Bank of England (BoE) - Next meeting: 5 September
• The BoE has maintained the size of its asset purchase programme at £375 bn and has announced forward guidance on its monetary policy. Barring some exceptions, a supportive monetary policy will remain in place as long as unemployment remains above 7%.
• Using the BoE's forecasts, interest rates are expected to stay at 0.5% till late 2016.

Reserve Bank of Australia (RBA) - Next meeting: 3 September
• The Australian economy is suffering from a growth transition from the resources sector (whose peak may have already occurred) to the other sectors. The RBA has eased its monetary policy over the past 18 months to help this transition and would also welcome a lower AUD, whose levels are still viewed as high, as an additional support.
• Thus, the RBA has lowered the cash rate by 25 basis points to 2.50% and has left the door open for more stimulus, though rates should remain unchanged at least until the November meeting.

Bank of Canada (BoC) - Next meeting: 4 September
• The BoC is expecting exports to be the key driver to boost growth in the private sector. Notably, the central bank is committed to leave rates unchanged as long as there is significant slack in the economy and a soft landing is emerging in the housing market.
• The overnight rate was left unchanged at 1%.

Swiss National Bank (SNB) - Next meeting: 19 September
• The SNB is expected to continue to defend with the utmost determination the minimum exchange rate at 1.20 in EUR/CHF.
• Target range for 3-month Libor is unchanged at 0.0-0.25%.

Short GBP positions remain elevated

The International Monetary Market (IMM) non-commercial positioning is used to visualise the flows of funds from one currency to another. It is usually viewed as a contrarian indicator when it reaches an extreme in positioning.

Since our last weekly report, the main significant changes in IMM positions have been the move back into positive territory for Euro positions and the lack of change in short GBP positions, despite a significant rally in GBP/USD. From a technical point of view, both currencies remain in a long-term downtrends compared to the US dollar. However, IMM positions suggest that the British pound could benefit from a more significant reduction of GBP short positions. On the other hand, the current long EUR positioning and its proximity to the February peak favour a cautious view on EUR/USD.

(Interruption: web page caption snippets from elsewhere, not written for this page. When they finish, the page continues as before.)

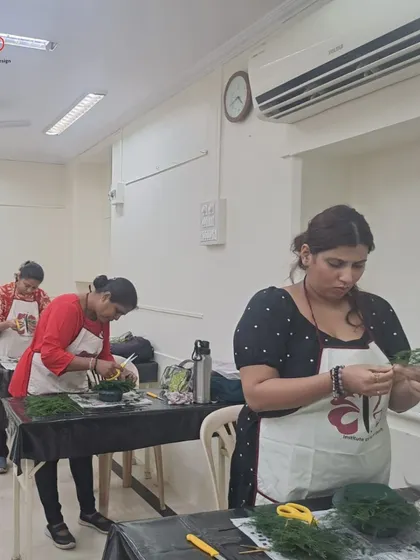 Our classroom is a space for focused learning and creativity. Here, students in our Advanced Certificate Course are busy preparing their materials and foliage, each one working on their unique floral design project.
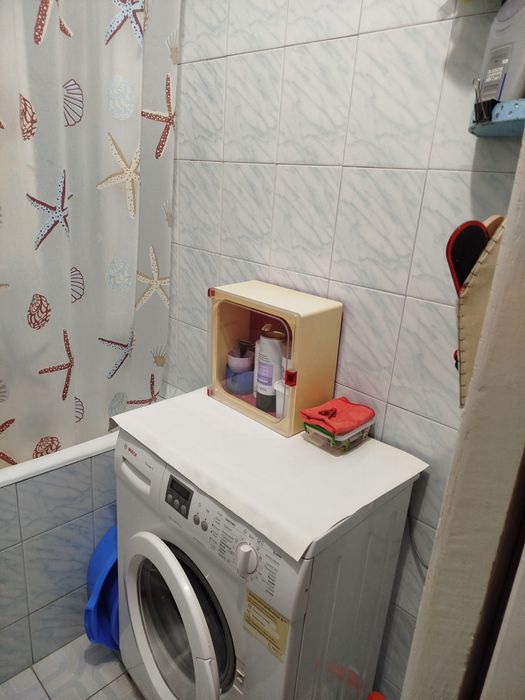 Сдам кімнату у 3- кімнатній квартирі на Виноградарі без господаря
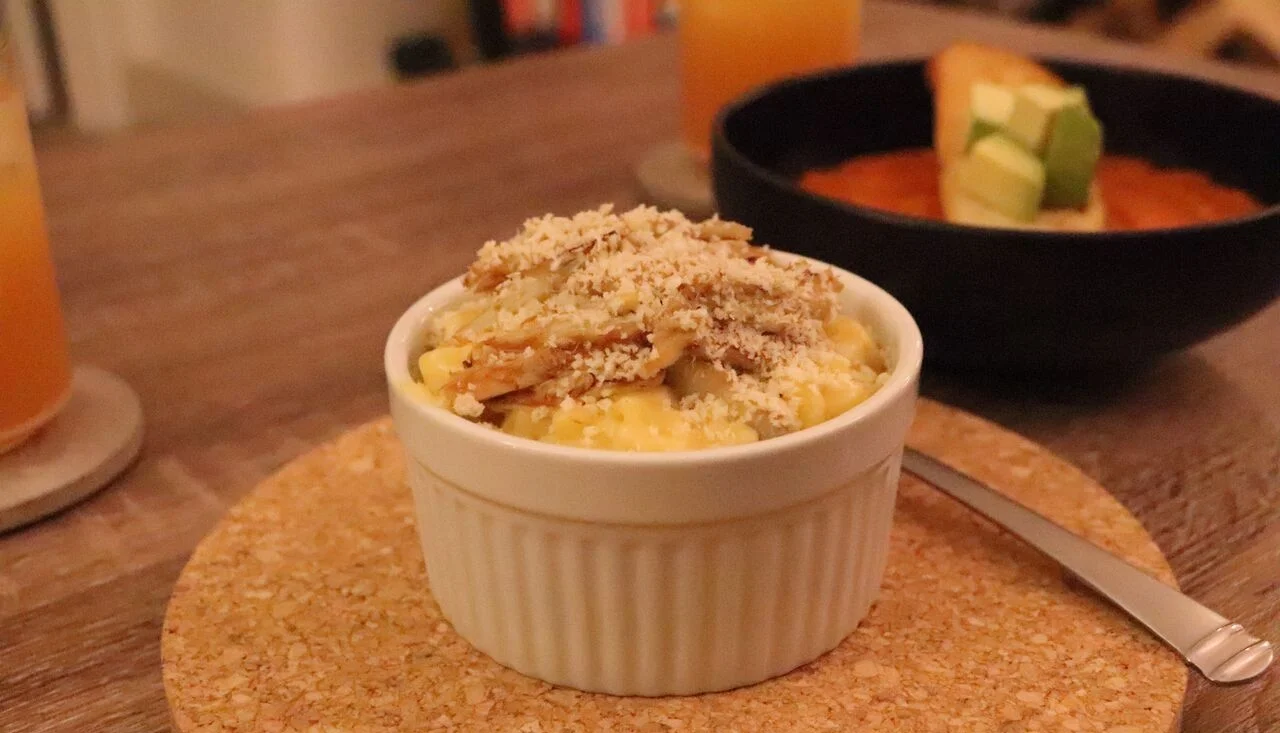 Mac and Cheese topped with crab and Panko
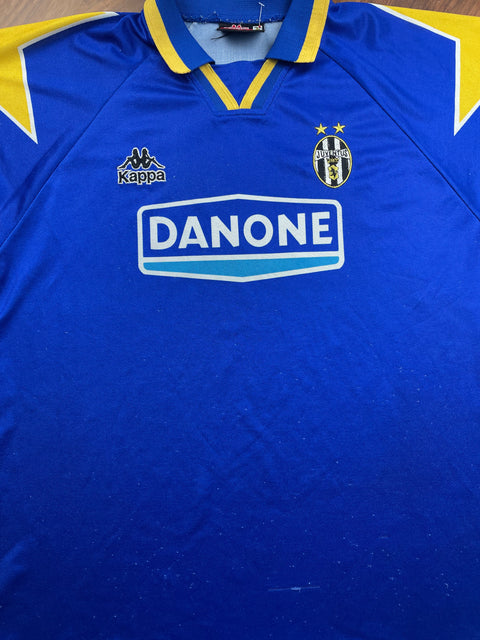 Store Shirt • Juventus • 1994 • Kappa • Away • Size XL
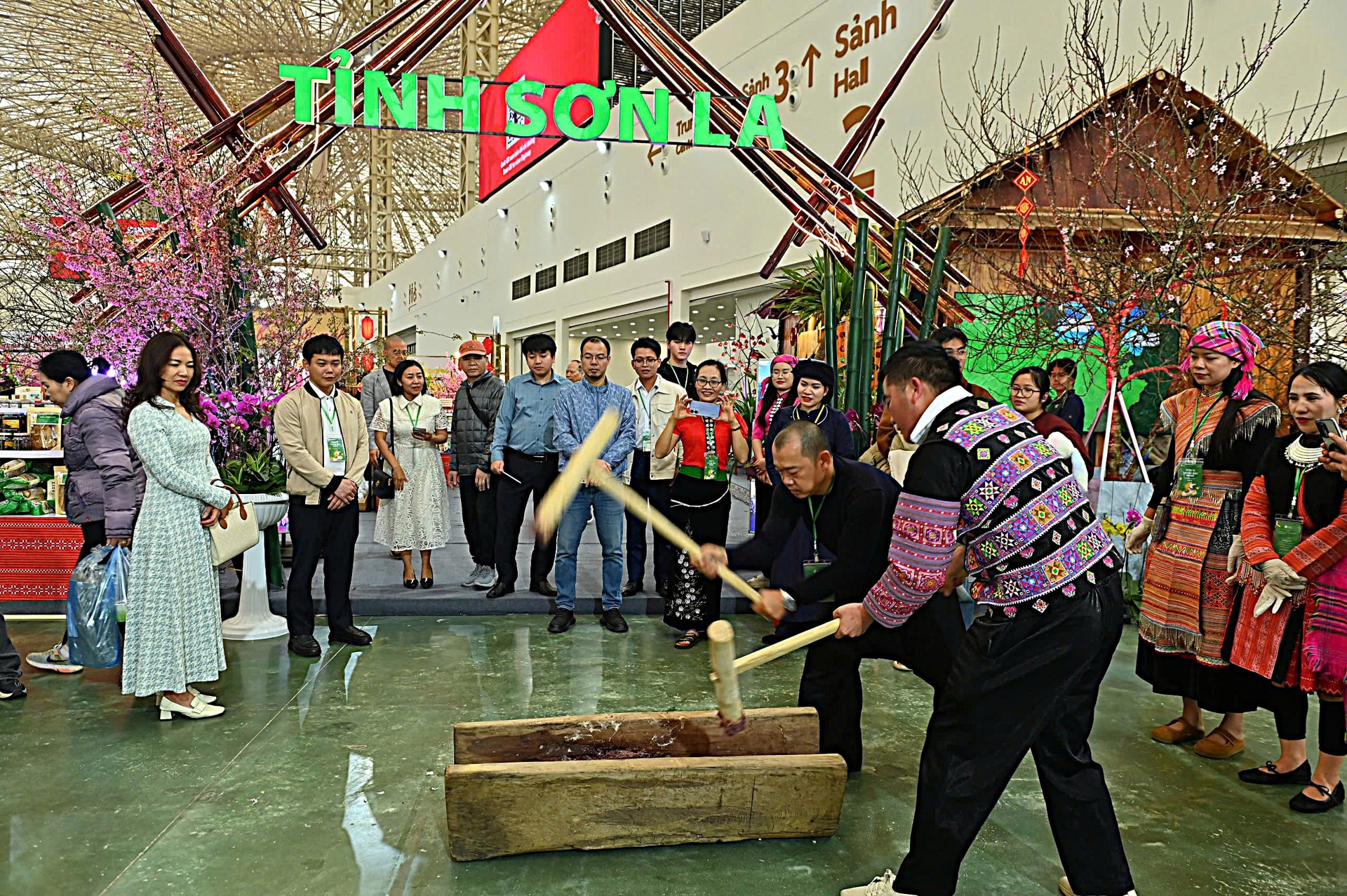 Người dân hào hứng săn ưu đãi đến 80% tại Hội chợ Mùa Xuân 2026- Ảnh 7.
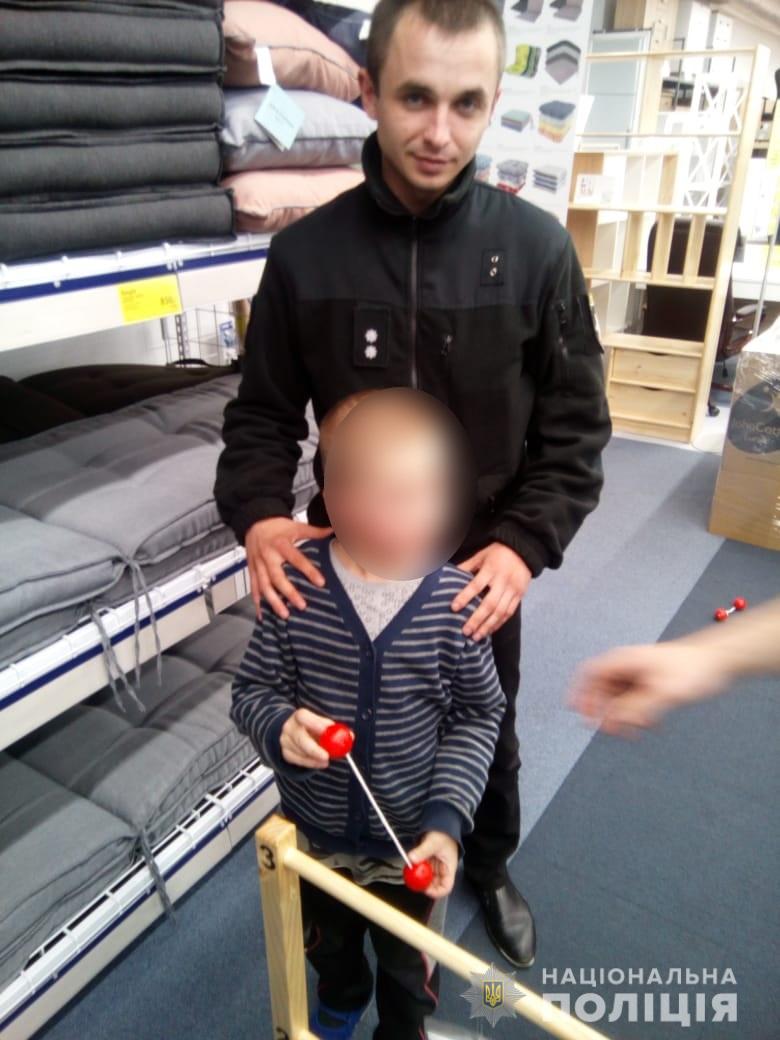 Под Киевом из детского садика сбежал маленький мальчик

The Japanese yen and the Australian dollar remain extremely shorted. While we continue to favour medium-term weakness in both currencies, the high uncertainties in Japan linked to the willingness of Abe's government to address the dismal public debt through a sales tax hike and structural reforms, indicate a risky environment in the short-term. On the other hand, the relentless effort of the RBA to lower its currency and the strong exposure of Australia to a the slower growth in China make us more comfortable with our bearish outlook in AUD/USD.